10.7.4.3 Greenland Ice Sheet
The present SMB of Greenland is a net accumulation estimated as 0.6 mm yr–1 of sea level equivalent from a compilation of studies (Church et al., 2001) and 0.47 mm yr–1 for 1988 to 2004 (Box et al., 2006). In a steady state, the net accumulation would be balanced by calving of icebergs. General Circulation Models suggest that ablation increases more rapidly than accumulation with temperature (van de Wal et al., 2001; Gregory and Huybrechts, 2006), so warming will tend to reduce the SMB, as has been observed in recent years (see Section 4.6.3), and is projected for the 21st century (Section 10.6.4.1). Sufficient warming will reduce the SMB to zero. This gives a threshold for the long-term viability of the ice sheet because negative SMB means that the ice sheet must contract even if ice discharge has ceased owing to retreat from the coast. If a warmer climate is maintained, the ice sheet will eventually be eliminated, except perhaps for remnant glaciers in the mountains, raising sea level by about 7 m (see Table 4.1). Huybrechts et al. (1991) evaluated the threshold as 2.7°C of seasonally and geographically uniform warming over Greenland relative to a steady state (i.e. pre-industrial temperature). Gregory et al. (2004a) examine the probability of this threshold being reached under various CO2 stabilisation scenarios for 450 to 1000 ppm using TAR projections, and find that it was exceeded in 34 out of 35 combinations of AOGCM and CO2 concentration considering seasonally uniform warming, and 24 out of 35 considering summer warming and using an upper bound on the threshold.
Assuming the warming to be uniform underestimates the threshold, because warming is projected by GCMs to be weaker in the ablation area and in summer, when ablation occurs.
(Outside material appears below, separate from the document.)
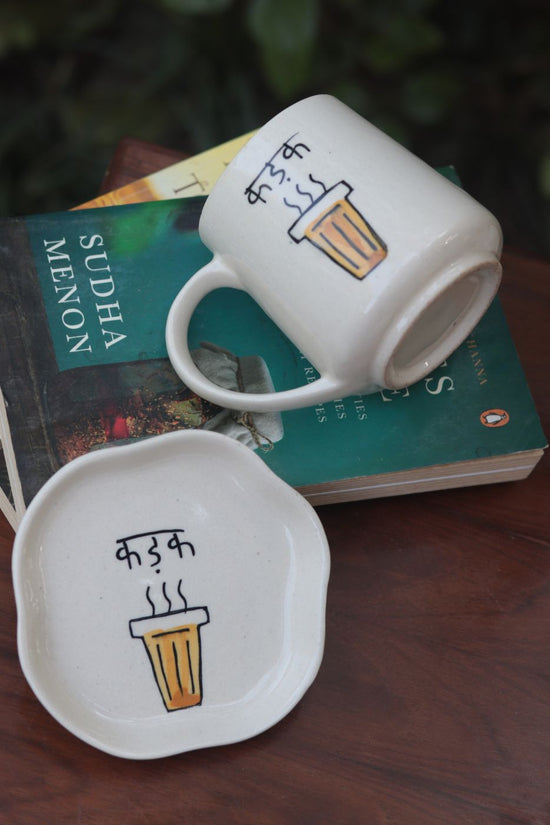 Kadak Mug & Handmade Dessert Plate with premium quality Material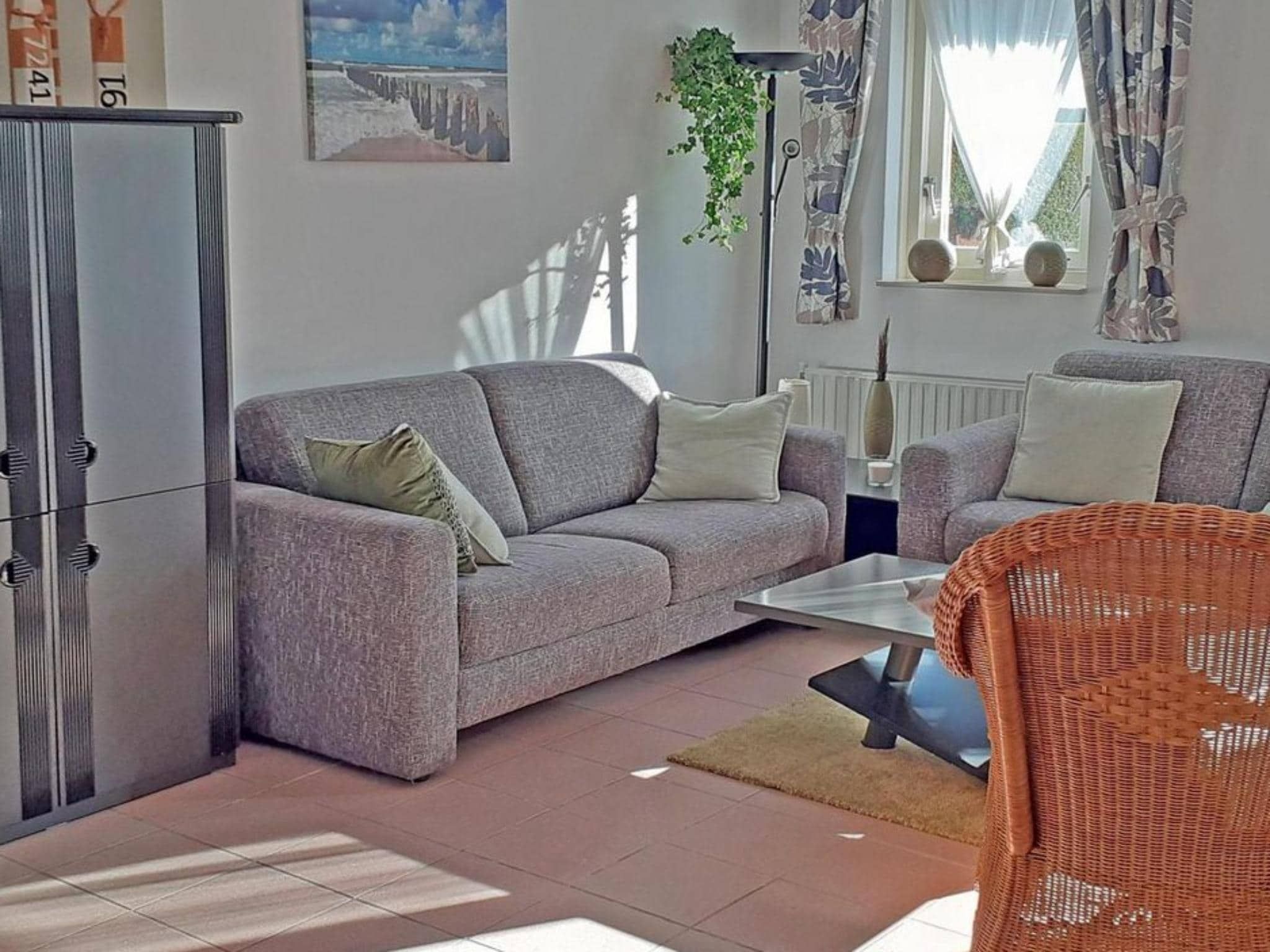 De woonkamer van Fort Soleil 30 Zeezwaluw Breskens in Breskens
Using geographical and seasonal patterns of simulated temperature change derived from a combination of four high-resolution AGCM simulations and 18 AR4 AOGCMs raises the threshold to 3.2°C to 6.2°C in annual- and area-average warming in Greenland, and 1.9°C to 4.6°C in the global average (Gregory and Huybrechts, 2006), relative to pre-industrial temperatures. This is likely to be reached by 2100 under the SRES A1B scenario, for instance (Figure 10.29). These results are supported by evidence from the last interglacial, when the temperature in Greenland was 3°C to 5°C warmer than today and the ice sheet survived, but may have been smaller by 2 to 4 m in sea level equivalent (including contributions from arctic ice caps, see Section 6.4.3). However, a lower threshold of 1°C (Hansen, 2005) in global warming above present-day temperatures has also been suggested, on the basis that global mean (rather than Greenland) temperatures during previous interglacials exceeded today’s temperatures by no more than that.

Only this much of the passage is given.